The main issue with machine learning is over-fitting the model to the data. This is especially true of iterative models, such as decision trees, where each additional parameter necessarily improves the model’s fit with the training data. Ensemble learning models, such as the random forest, guard against over-fitting by estimating hundreds of models, then aggregating their results. The idea is that each model in the sample will contain slightly different information, while the ensemble model will filter out more of the “signal” from the individual model “noise.”
It seems counter-intuitive that adding randomness to a model would increase its accuracy. In ordinary usage, saying an outcome is random usually means that it is uncertain, or unpredictable, such as a roulette wheel. However, while it’s generally impossible to predict the outcome of a single random trial, the combined outcome of a large number of random trials can be known to a high degree of accuracy.
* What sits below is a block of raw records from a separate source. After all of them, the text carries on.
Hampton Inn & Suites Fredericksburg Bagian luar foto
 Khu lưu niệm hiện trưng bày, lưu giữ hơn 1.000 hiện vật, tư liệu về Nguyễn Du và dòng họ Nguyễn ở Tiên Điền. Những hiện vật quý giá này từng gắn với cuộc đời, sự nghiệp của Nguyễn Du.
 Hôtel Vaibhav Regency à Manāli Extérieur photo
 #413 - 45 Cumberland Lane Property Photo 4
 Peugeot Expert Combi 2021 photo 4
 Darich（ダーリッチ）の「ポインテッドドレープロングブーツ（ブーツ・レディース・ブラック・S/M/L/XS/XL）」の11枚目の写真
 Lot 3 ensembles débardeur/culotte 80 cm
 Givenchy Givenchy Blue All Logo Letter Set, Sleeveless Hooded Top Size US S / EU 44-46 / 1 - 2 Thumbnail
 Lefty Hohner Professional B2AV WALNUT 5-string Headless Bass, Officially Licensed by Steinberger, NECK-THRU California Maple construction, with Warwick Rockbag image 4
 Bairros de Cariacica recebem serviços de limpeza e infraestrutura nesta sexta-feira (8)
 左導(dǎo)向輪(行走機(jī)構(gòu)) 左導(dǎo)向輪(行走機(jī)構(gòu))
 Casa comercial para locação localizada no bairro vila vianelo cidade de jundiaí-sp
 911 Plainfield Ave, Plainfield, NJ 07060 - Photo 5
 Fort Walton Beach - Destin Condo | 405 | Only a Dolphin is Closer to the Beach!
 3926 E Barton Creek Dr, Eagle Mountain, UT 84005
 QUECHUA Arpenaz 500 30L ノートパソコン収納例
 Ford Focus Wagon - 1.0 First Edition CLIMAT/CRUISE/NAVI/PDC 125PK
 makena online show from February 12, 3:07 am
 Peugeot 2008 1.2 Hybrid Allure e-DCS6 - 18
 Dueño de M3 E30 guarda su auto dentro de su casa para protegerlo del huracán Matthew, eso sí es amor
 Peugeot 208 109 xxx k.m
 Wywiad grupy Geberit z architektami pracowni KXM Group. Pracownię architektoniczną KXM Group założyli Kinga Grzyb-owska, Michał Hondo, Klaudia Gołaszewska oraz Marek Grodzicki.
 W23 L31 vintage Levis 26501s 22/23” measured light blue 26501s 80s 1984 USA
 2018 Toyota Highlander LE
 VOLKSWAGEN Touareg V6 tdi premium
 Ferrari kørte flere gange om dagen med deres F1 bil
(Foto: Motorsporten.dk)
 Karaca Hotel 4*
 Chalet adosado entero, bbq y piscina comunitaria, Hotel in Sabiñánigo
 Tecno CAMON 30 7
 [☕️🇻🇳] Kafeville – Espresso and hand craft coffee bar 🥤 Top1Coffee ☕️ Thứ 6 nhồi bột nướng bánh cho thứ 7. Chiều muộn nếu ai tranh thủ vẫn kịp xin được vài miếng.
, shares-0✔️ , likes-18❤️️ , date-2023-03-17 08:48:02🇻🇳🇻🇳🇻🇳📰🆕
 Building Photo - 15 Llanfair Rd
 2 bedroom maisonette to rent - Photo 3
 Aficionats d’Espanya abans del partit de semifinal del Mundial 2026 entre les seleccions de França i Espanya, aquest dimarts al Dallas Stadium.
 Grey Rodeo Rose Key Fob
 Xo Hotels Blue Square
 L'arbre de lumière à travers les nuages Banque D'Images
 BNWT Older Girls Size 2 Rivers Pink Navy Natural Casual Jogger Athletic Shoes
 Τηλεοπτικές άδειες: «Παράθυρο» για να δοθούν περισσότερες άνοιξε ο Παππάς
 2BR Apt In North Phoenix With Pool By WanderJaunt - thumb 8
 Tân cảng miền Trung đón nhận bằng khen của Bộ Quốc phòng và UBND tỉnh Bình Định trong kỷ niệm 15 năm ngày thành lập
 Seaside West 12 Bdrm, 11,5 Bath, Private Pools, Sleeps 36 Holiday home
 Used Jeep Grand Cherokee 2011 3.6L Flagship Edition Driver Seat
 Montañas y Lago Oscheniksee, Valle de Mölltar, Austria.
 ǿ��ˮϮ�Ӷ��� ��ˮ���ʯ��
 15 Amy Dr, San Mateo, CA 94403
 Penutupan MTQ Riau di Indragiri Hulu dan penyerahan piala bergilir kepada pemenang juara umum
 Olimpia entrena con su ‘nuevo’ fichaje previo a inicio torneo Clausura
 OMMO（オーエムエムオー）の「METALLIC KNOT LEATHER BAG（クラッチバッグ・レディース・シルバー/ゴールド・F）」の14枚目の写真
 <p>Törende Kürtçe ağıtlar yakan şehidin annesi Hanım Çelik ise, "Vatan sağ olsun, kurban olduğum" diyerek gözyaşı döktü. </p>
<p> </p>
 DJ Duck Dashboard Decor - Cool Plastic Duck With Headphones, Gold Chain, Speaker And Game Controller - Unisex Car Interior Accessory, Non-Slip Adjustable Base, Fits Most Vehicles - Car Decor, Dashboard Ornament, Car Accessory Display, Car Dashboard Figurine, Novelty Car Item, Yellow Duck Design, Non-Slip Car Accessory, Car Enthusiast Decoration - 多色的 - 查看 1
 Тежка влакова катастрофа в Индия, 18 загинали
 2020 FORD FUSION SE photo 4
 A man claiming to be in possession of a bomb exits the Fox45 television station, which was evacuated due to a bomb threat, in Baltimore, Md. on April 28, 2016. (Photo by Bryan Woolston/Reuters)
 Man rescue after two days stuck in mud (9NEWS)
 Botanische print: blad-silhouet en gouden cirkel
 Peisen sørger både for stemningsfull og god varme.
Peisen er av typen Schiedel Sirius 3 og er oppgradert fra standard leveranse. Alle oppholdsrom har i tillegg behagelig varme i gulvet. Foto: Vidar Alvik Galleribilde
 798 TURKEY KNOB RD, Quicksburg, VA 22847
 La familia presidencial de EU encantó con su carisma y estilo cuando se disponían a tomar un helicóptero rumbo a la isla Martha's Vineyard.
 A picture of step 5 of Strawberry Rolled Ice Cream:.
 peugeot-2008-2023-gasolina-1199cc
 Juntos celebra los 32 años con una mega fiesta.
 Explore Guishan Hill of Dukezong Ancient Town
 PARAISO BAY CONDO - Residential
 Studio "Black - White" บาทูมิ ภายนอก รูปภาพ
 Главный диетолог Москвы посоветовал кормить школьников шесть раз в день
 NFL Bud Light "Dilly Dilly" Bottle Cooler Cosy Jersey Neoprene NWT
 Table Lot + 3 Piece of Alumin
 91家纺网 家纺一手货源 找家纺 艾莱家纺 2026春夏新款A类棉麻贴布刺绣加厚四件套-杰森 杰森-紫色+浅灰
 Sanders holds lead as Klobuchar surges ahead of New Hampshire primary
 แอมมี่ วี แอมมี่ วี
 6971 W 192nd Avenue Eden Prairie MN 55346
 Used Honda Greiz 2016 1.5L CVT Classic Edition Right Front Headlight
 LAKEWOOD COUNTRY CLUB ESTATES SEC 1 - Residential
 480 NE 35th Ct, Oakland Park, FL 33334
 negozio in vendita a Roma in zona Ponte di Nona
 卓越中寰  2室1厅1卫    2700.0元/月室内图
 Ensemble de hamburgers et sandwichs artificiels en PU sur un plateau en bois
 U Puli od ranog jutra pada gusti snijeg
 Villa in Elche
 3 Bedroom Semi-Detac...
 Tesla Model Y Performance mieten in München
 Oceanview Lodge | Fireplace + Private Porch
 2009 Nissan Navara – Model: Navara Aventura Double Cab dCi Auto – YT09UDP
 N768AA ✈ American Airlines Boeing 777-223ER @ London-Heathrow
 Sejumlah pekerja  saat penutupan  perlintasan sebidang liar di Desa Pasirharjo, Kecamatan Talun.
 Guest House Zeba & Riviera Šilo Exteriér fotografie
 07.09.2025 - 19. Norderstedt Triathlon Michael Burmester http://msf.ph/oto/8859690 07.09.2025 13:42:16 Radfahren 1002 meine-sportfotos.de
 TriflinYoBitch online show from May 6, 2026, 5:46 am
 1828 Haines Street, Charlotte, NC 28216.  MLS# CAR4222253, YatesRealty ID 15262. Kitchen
This is the principle underlying auto insurance: the insurance company can produce a close estimate of the number of auto accidents each day, even if they don’t know precisely which vehicles will be involved. This is because, under some very general conditions, the sum of a large number of independent random variables is normally distributed. And the total number of accidents is all the insurance company really needs to know.
This property of random variables–formally known as the Central Limit Theorem–has other interesting implications. Most people have heard of the normal “bell curve” that scientists use to model everything from stock prices to strike-outs. The curve was first used by the astrophysicist Carl Friedrich Gauss to correct measurements of distant galaxies for light scatter. The scatter is caused by the light from these galaxies interacting with stray particles in the Earth’s atmosphere. Gauss theorized that each particle interaction was a random event, and that the total impact of all interactions was the sum of these random events. Thus, the normal distribution models the effect of a large number of random, independent events on the measured variable.
The same justification is given in social science. For example, it seems reasonable that someone’s income would be influenced by a large number of variables, such as how much education they have, what type of job they have, and where they live. Therefore, social scientists model income using the normal distribution, with each explanatory variable contributing a partial effect to the final measurement. Just as the combined effect of numerous particle interactions is normally distributed, so is the combined influence of each explanatory variable.
You can even see the bell curve at work on the game show “The Price is Right”: the game “Plinko” has an inclined game board embedded with several dozen metal pegs. Contestants drop a Plinko disc from the top of the board, and it rattles down through the pegs before landing in one of the money slots at the bottom of the board. The path each disc takes is essentially random, so its destination is the combined effect of the impacts of each peg it hits.
These relationships have not gone unnoticed: here, a stock market advisory models stock returns using a physical “bean machine” that has the same operating mechanism as Plinko. The implications of this for one’s 401(k) deserve careful attention.